This invention carries weight
The product helps truck drivers shift the weight of their loads with ease.
By DON SHILLING
VINDICATOR BUSINESS EDITOR
CANFIELD -- Two local entrepreneurs figure large numbers of truck drivers nationwide soon will be buying their locally made product.
Tandem Stoppers are offered at stores at eight truck stops in the East and two retail Web sites, despite being on the market just four months.
Jeff Landis and John Esker, owners of the Canfield company, say they aren't making money yet, but they expect a big jump in sales soon as truckers catch on to how easy Tandem Stoppers allow them to shift the weight of their loads.
T.J. Graff of Arizona is a believer.
The director of sales and marketing for www.gotruckstop.com said the online retailer added the product in November and sales have been "very brisk." It normally retails for 36.90.
"Tandem Stoppers is one of the highlights of the products that came out in 2006," he said.
What they are
Tandem Stoppers are forged steel pins that slip into holes of a rack underneath the trailer. The rack slides the trailer so the weight over each axle can be adjusted to meet federal standards.
Operating from inside the tractor, the driver normally guesses how far to slide the trailer. He then gets out and checks to see if the trailer is in the right position. If it is, he puts pins into holes on the rack to lock the trailer in place.
Tandem Stoppers, however, are placed into the holes before the rack is adjusted so it stops at the right spot.
"It can't miss," said Landis, who created the product. "It's first time, every time."
Without Tandem Stoppers, drivers have to get in and out of a truck to check if the load is situated properly, he said. That can sometimes take 30 or 40 minutes.
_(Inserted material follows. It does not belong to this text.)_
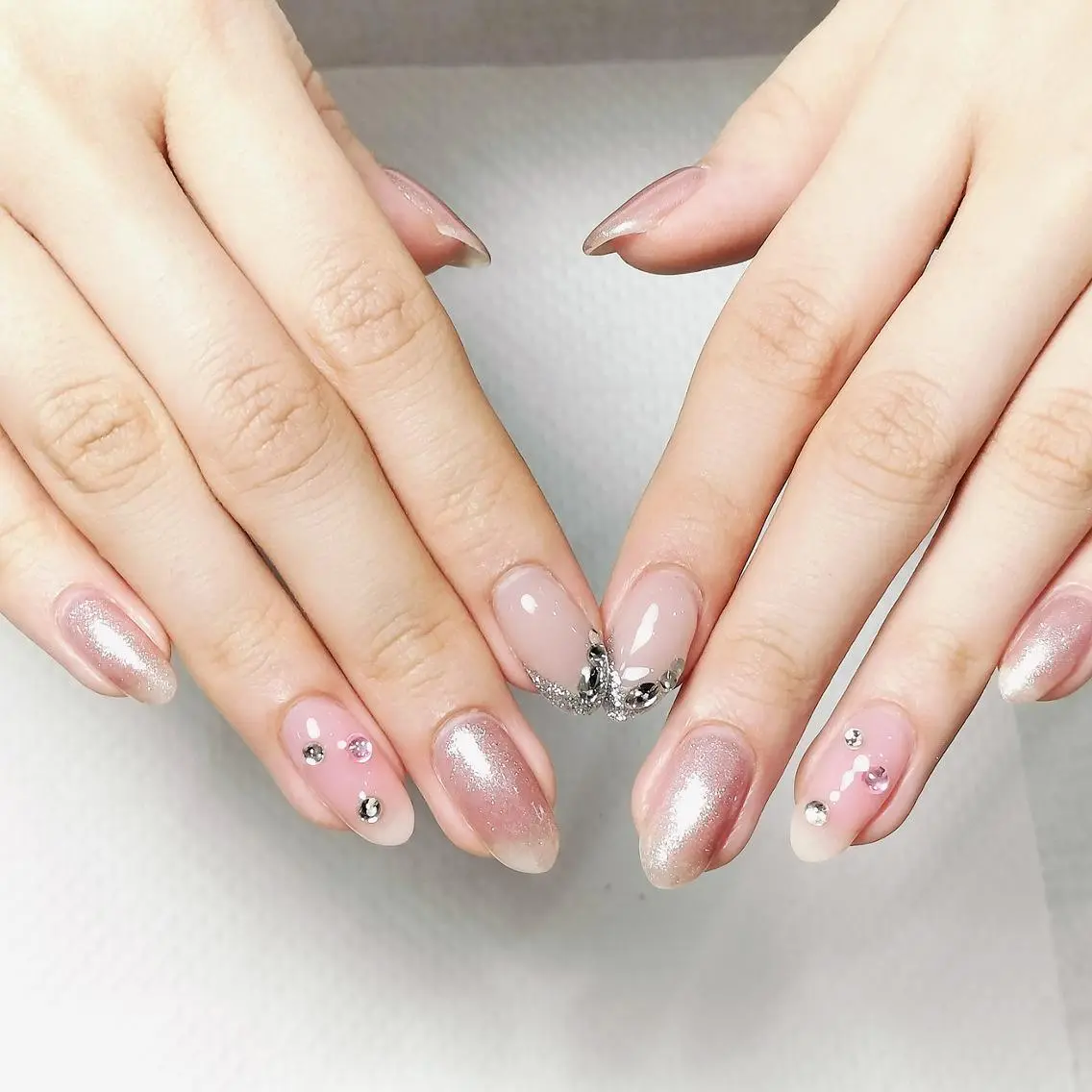 ネイル ハンドネイル 桃子 Nail高円寺のネイルデザイン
Some drivers have come up with makeshift ways of getting the rack to stop in the desired spot, he said.
"They put in tree branches, crow bars, you name it, whatever fits in there," he said.
Landis and Esker said they are just getting started in their effort to let the industry know they have a better way.
They've been meeting with trucking companies, some of whom are testing the product, and they are pushing to have Tandem Stoppers carried by more retailers that carry trucking-related items.
They also plan to have a sales representative meet with truck-driving schools in hopes they can let new drivers know about the product.
The partners have used their own funds to have 3,000 sets of Tandem Stoppers produced. A set contains two forged steel pins that are made at Youngstown Forge in Boardman and zinc-coated at Sebring Industrial Plating.
So far, they have sold 470 sets.
Their goal is to build the sales volume to 4,000 sets a month.
They also are selling the pins at www.tandemstoppers.com. They are running the business from a building at 650 W. Main St.
Graff, the online retailer, said he doesn't know of any other product like Tandem Stoppers on the market. There used to be a similar product but it stopped selling several years ago.
Landis said their patent search uncovered the product, which was created by a Cleveland man. He had problems with marketing and the product never took off, Landis said.
Landis and Esker reached a deal with the man to acquire his patent.
Landis, 49, of Austintown, created his device 30 years ago. With his truck idled by a snowstorm, he made steel pins on a lathe.
He's used the pins all these years. He now drives a route from Cleveland to New Jersey for Transport America.
Starting out
Three years ago, a friend suggested Landis start selling his pins.
The thought simmered until last year when he hired Esker to help him with a Web site for an online retail business that he and a partner were creating. Esker, 53, of Leetonia, runs a computer sales and repair business called E-Tek.
Landis showed Esker the pin, explained its use, and the two decided to take the idea to market.
Landis is confident the product will sell in large volumes because weight distribution inside a trailer is critical. State and federal agencies monitor the issue carefully because they don't want a load to be so poorly balanced that the floor of the trailer caves in and a load is dumped out of the highway.
Despite the concern, no one has been helping the drivers find an easier way to shift their loads, Landis said.
"Companies have been dumping it on the drivers. No one's really figured out how to solve it. This solves the problem," he added.